What to work on
Once every line below with "Hello" has been counted, state the total and nothing else.

Dataset records
----

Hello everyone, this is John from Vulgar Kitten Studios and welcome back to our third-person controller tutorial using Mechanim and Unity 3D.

----

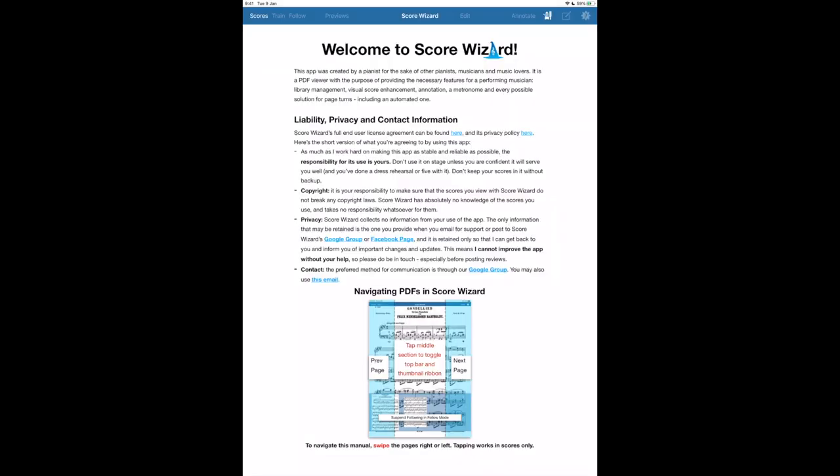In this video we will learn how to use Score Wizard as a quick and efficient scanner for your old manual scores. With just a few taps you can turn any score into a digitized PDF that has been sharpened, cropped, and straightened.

----

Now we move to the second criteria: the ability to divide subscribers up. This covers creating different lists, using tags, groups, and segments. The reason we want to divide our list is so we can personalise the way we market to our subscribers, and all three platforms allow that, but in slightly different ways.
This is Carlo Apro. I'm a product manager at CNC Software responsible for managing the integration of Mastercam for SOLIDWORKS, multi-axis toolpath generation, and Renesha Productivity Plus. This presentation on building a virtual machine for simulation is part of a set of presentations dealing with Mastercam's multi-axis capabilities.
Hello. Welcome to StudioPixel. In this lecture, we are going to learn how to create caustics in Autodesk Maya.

----

Exercise result
2